Interpreting Language Models with Contrastive Explanations
- URL: http://arxiv.org/abs/2202.10419v1
- Date: Mon, 21 Feb 2022 18:32:24 GMT
- Title: Interpreting Language Models with Contrastive Explanations
- Authors: Kayo Yin and Graham Neubig
- Abstract summary: Language models must consider various features to predict a token, such as its part of speech, number, tense, or semantics.
Existing explanation methods conflate evidence for all these features into a single explanation, which is less interpretable for human understanding.

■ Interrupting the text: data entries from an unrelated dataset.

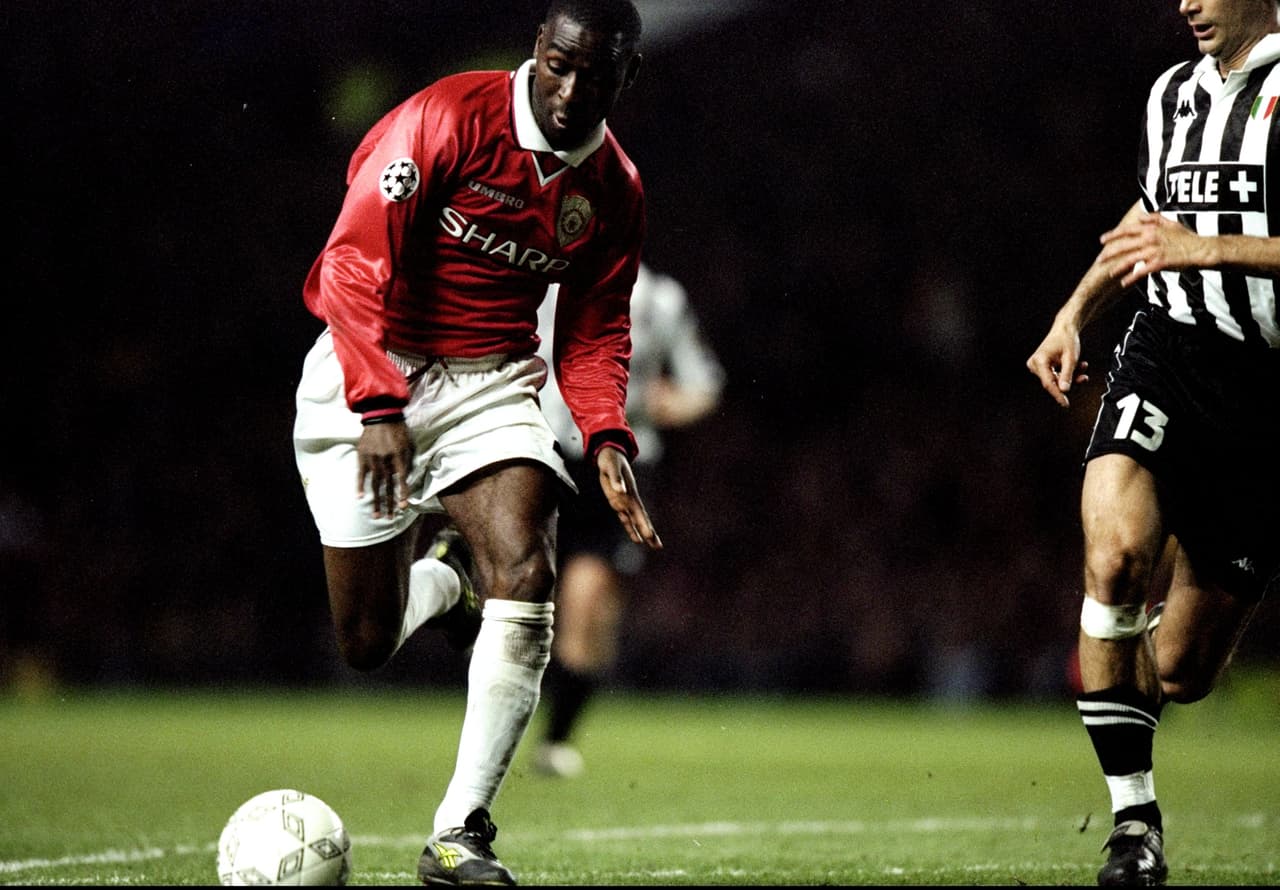 La playera del Manchester United de 1999 pasó a la historia por ser el primer ganador de triplete de Champions, Premier y Copa, atuendo que podría motivar al propio José Mourinho. 
<a href="https://www.univisiondeportesfanshop.com/storeitems?ss=manchester-united" target="_blank">Vea acá más jerseys.</a>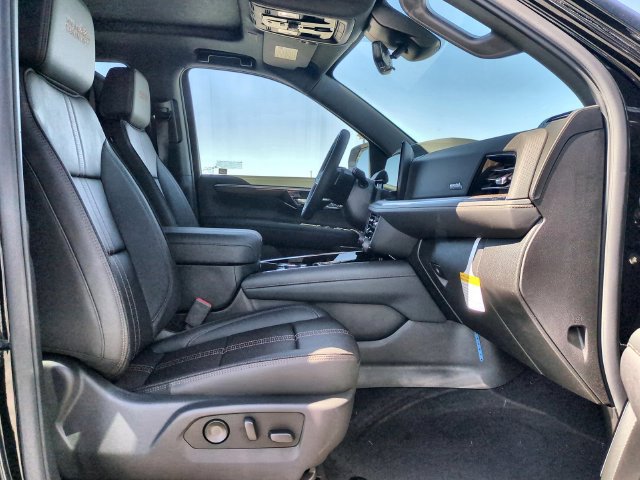 New 2026 Chevrolet Tahoe High Country AWD/4WD image 35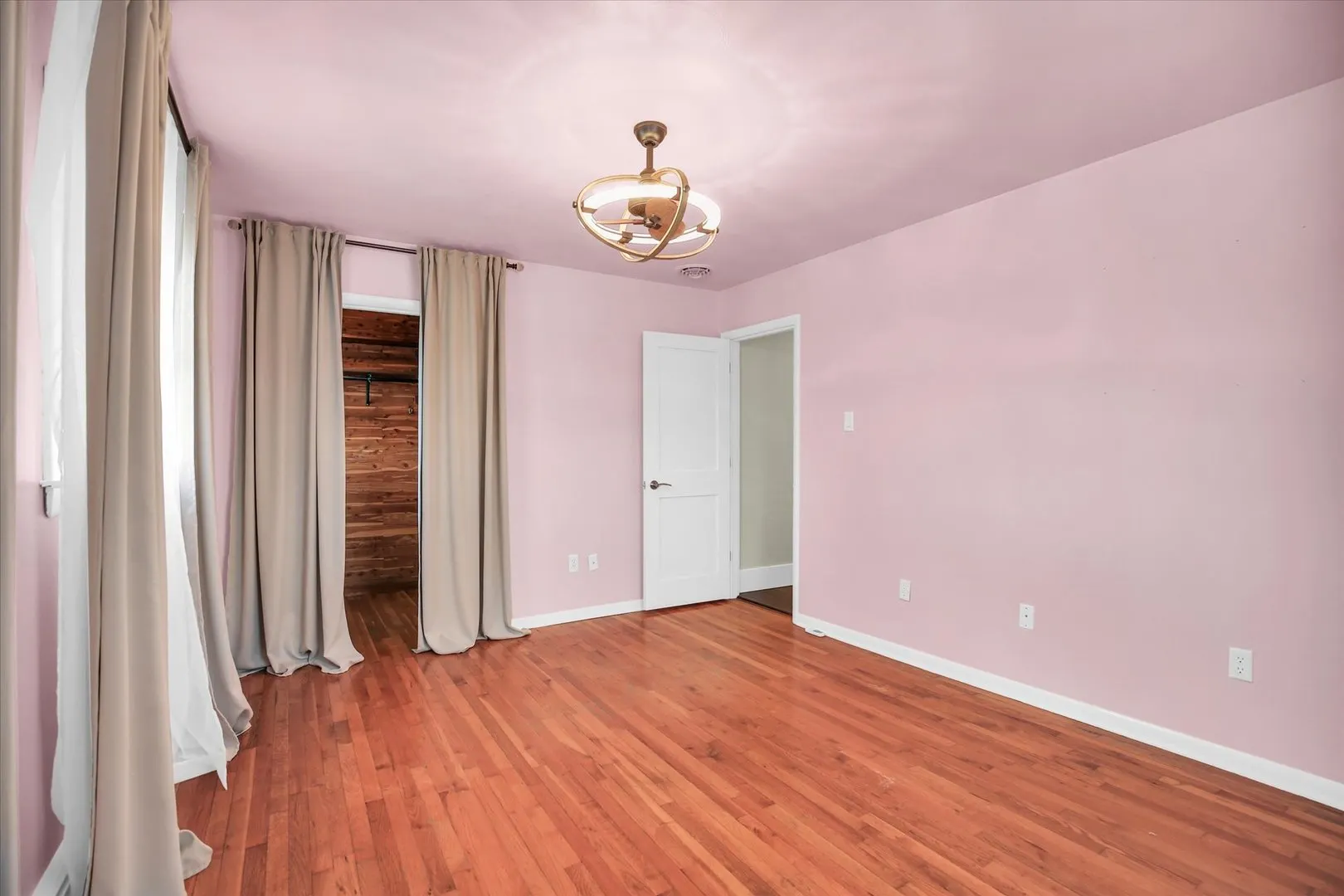 303 W Evergreen Drive IL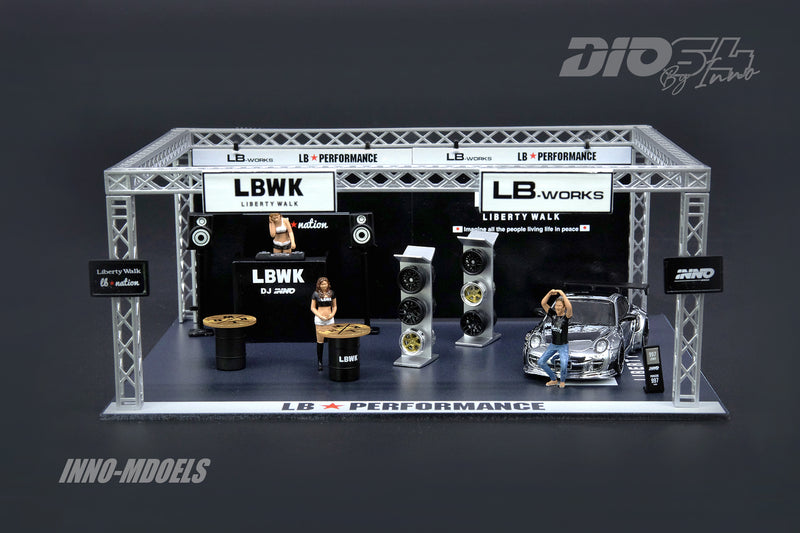 INNO Models 1:64 Liberty Walk Auto Salon Diorama Set with 1/64 Porsche 997 LBWK Chrome Finish and Figures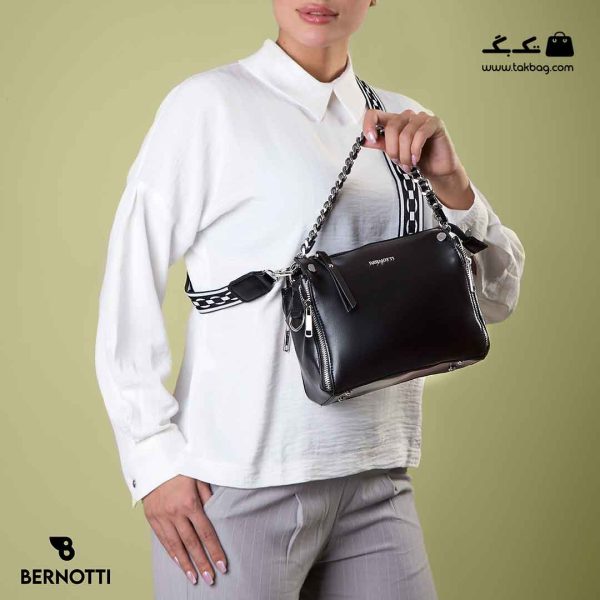 کیف رودوشی زنانه کد TB-6220 برند برنوتی رنگ مشکی با مدل ( Bernotti tb-6220 )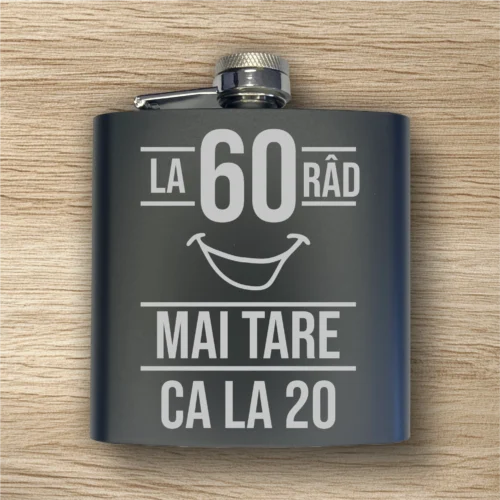 Ploscă de metal personalizată – simplă sau set cu păhărele, Cadou pentru Aniversarea vârstei de 60 de ani [ #0455 ]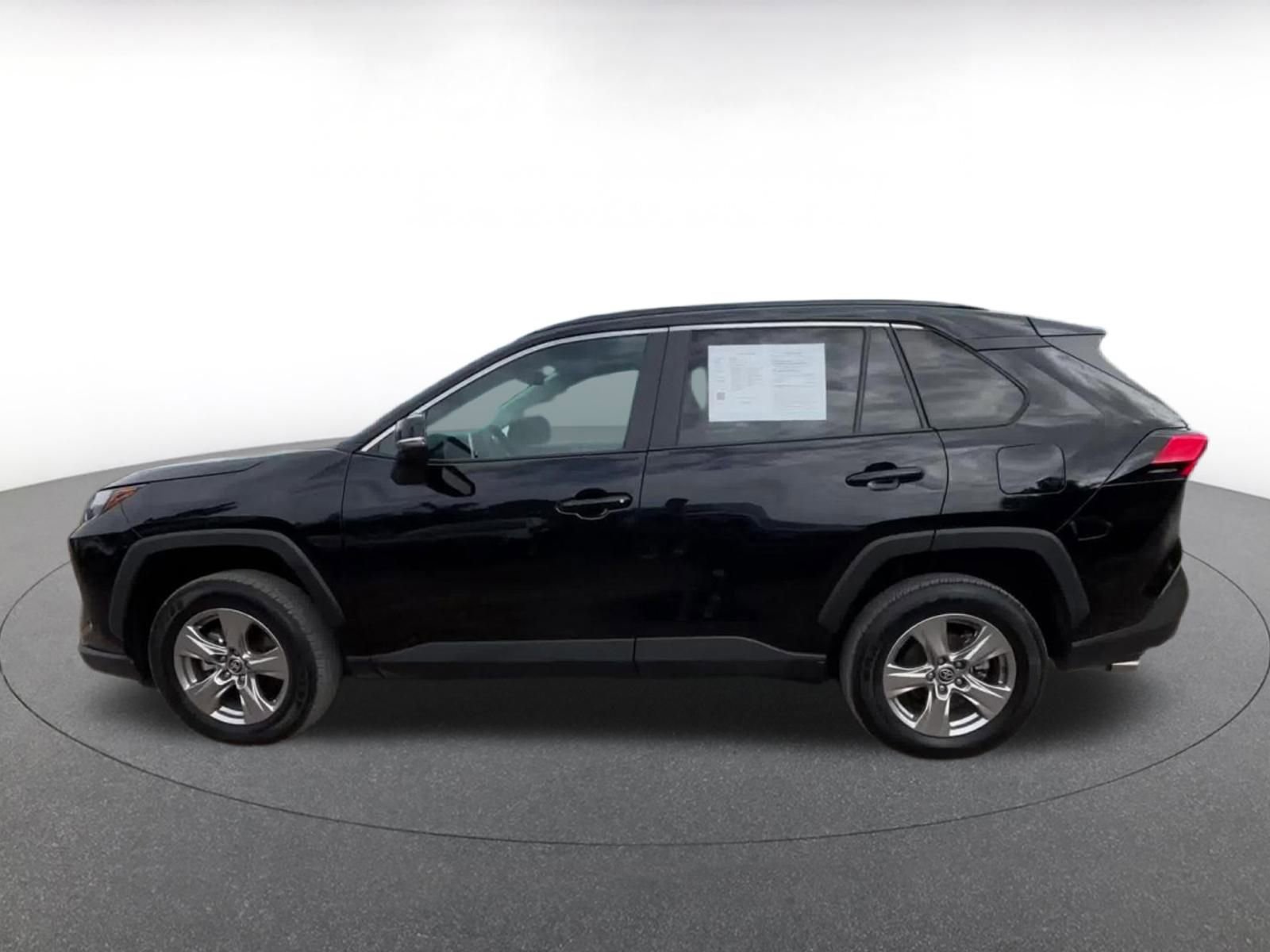 Thumbnail: 2025 Toyota RAV4 - 9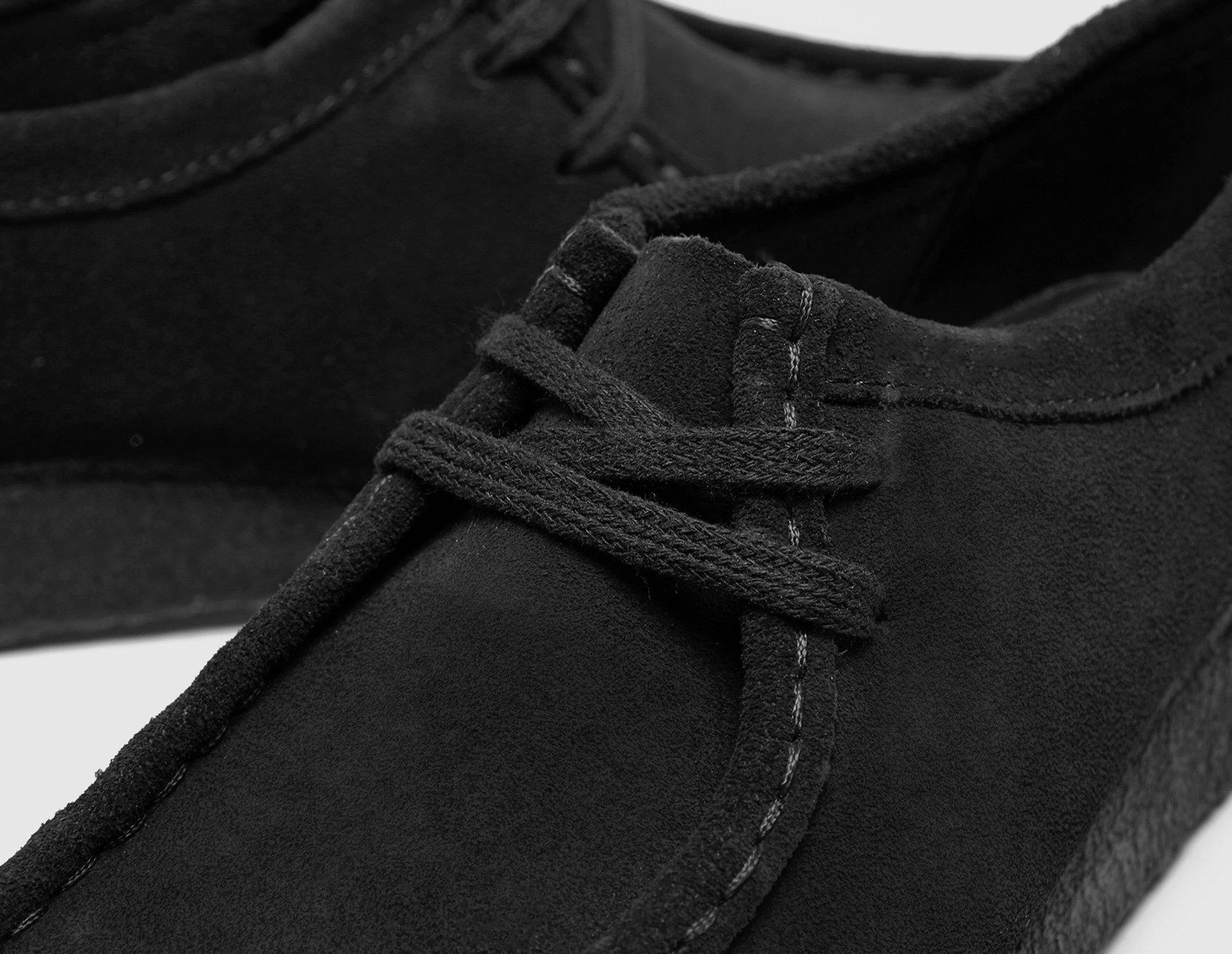 women's black clarks wallabees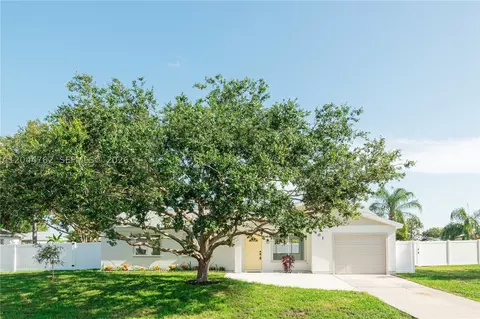 401 SW College Park Rd, Port Saint Lucie, FL 34953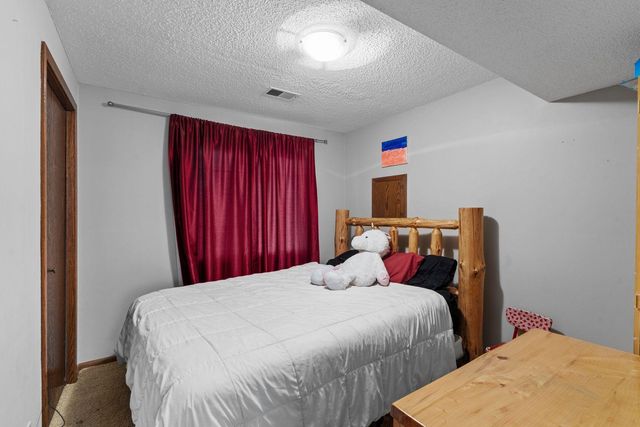 4100 Jordan Avenue N, New Hope, MN 55427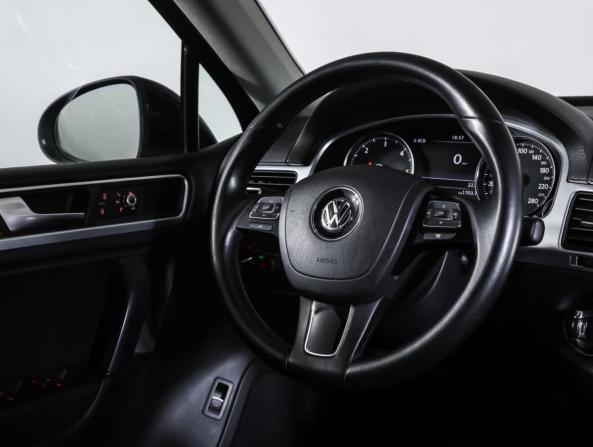 Volkswagen Touareg II с пробегом 2010 года, цена 1 877 000 рублей, 231821 км, внедорожник, Автокод Объявления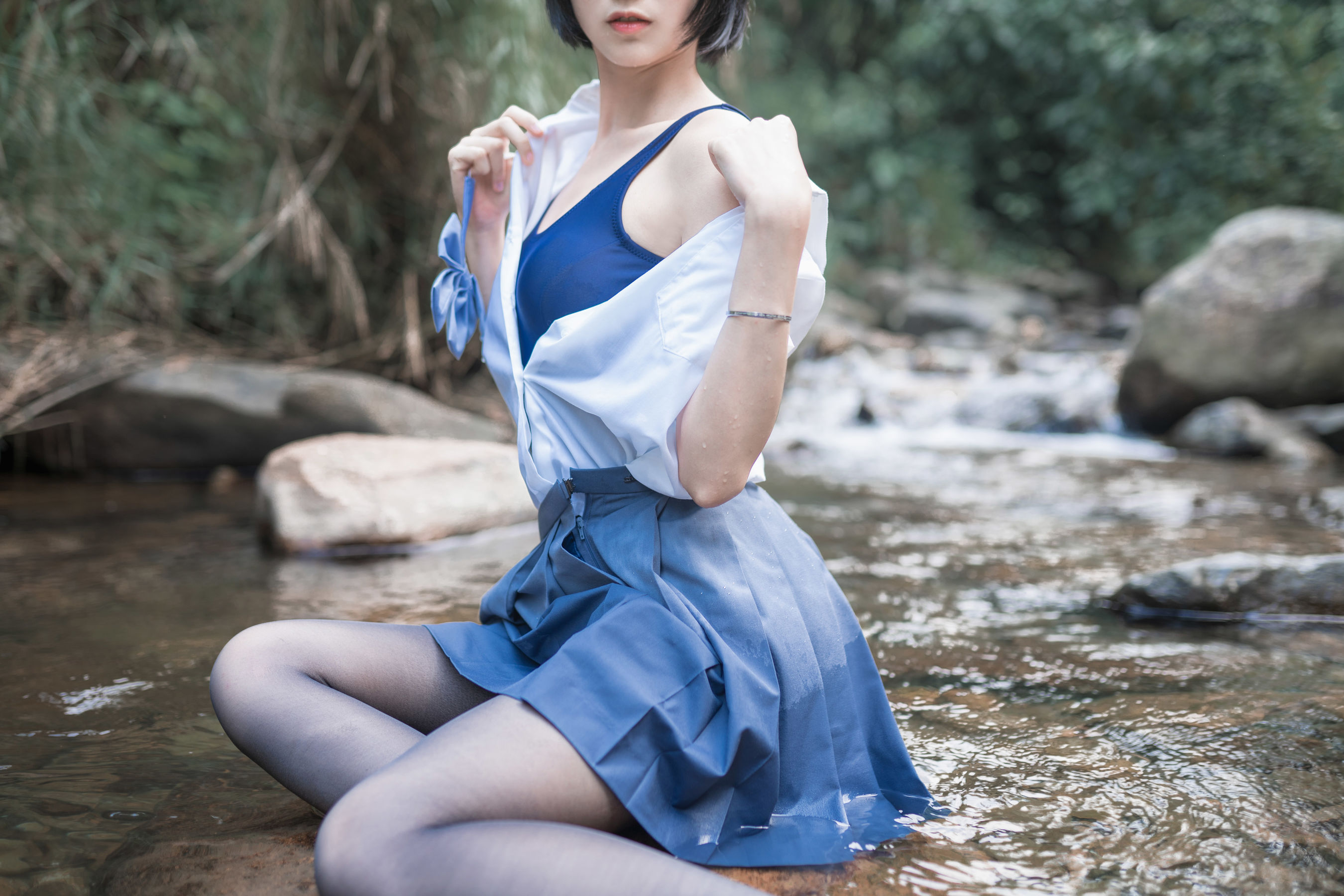 萌系小姐姐木绵绵OwO 水色溪边制服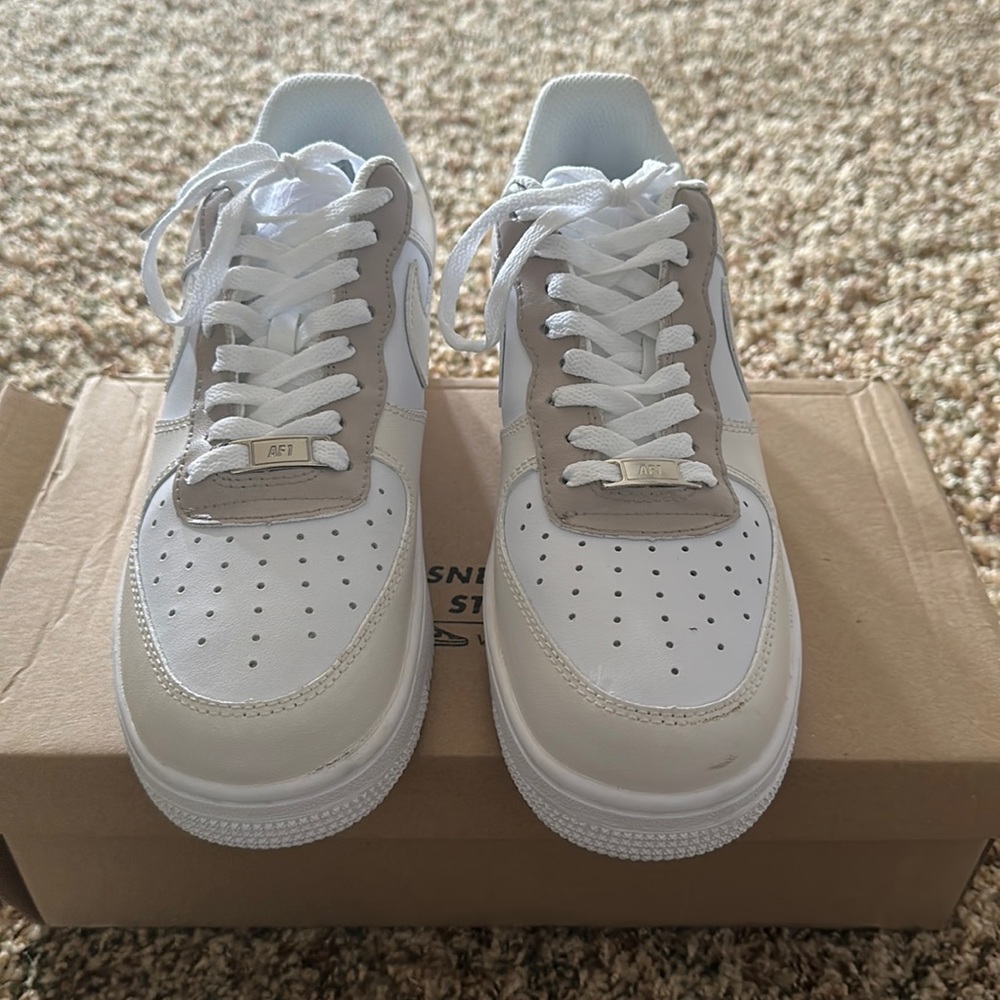 Nike Air Force 1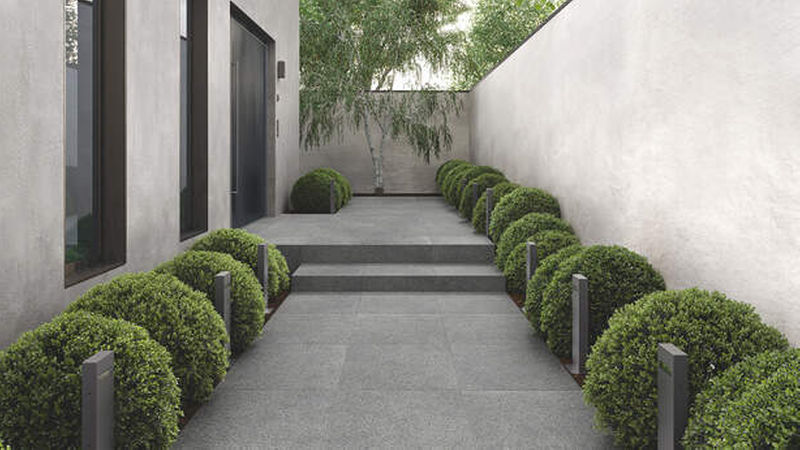 „Toronto Garden“ im kühlen Terrazzo-Beton-Look gibt es in den Grautönen „Graphite“ und „Midnight“.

We show that contrastive explanations are quantifiably better than non-contrastive explanations in verifying major grammatical phenomena.
- Score: 99.7035899290924
- License: http://arxiv.org/licenses/nonexclusive-distrib/1.0/
- Abstract: Model interpretability methods are often used to explain NLP model decisions
on tasks such as text classification, where the output space is relatively
small. However, when applied to language generation, where the output space
often consists of tens of thousands of tokens, these methods are unable to
provide informative explanations. Language models must consider various
features to predict a token, such as its part of speech, number, tense, or
semantics. Existing explanation methods conflate evidence for all these
features into a single explanation, which is less interpretable for human
understanding.
To disentangle the different decisions in language modeling, we focus on
explaining language models contrastively: we look for salient input tokens that
explain why the model predicted one token instead of another. We demonstrate
that contrastive explanations are quantifiably better than non-contrastive
explanations in verifying major grammatical phenomena, and that they
significantly improve contrastive model simulatability for human observers. We
also identify groups of contrastive decisions where the model uses similar
evidence, and we are able to characterize what input tokens models use during
various language generation decisions.